WebP Format
Google's Modern Image Format
RIFF Container
Google didn't invent a new container for WebP. They went with RIFF, the same format that's been carrying WAV audio and AVI video since the early '90s. If you've ever parsed a WAV file, you already know how WebP works at the container level.
The format uses nested chunks with 4-character identifiers (called FourCC codes). It's a simple and robust design that has stood the test of time.

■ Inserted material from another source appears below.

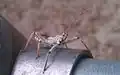 Older nymph walking atop a fence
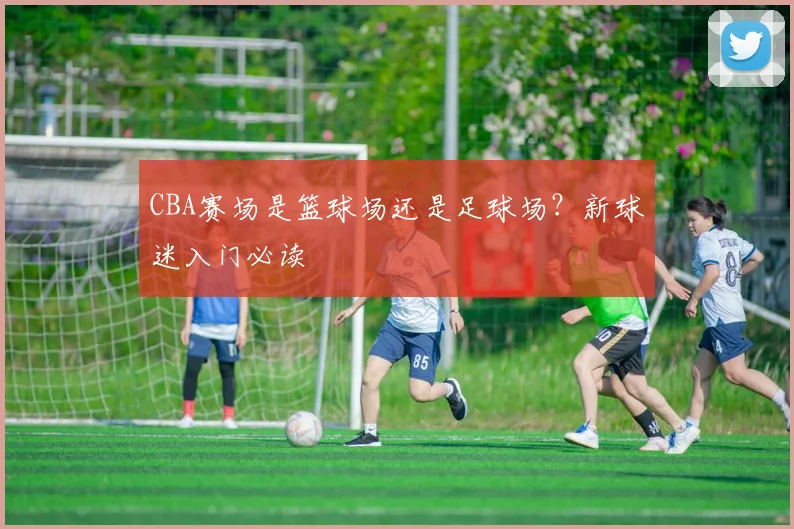 CBA赛场是篮球场还是足球场?新球迷入门必读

WebP File Structure (RIFF Container)
WebP Header
| Offset | Hex | ASCII | |||||||||||||||
|---|---|---|---|---|---|---|---|---|---|---|---|---|---|---|---|---|---|
| 0000 | 52494646241A00005745425056503858 | RIFF$...WEBPVP8X | |||||||||||||||
| 0010 | 0A00000010000000FF0000FF00000000 | .............. | |||||||||||||||
RIFF Chunk Structure
Note: Chunk data is padded to even length with a null byte if necessary.
Key Offsets
- • Sub-chunk start: 12 bytes (after RIFF + size + WEBP)
- • Chunk header: 8 bytes (4-byte FourCC + 4-byte size)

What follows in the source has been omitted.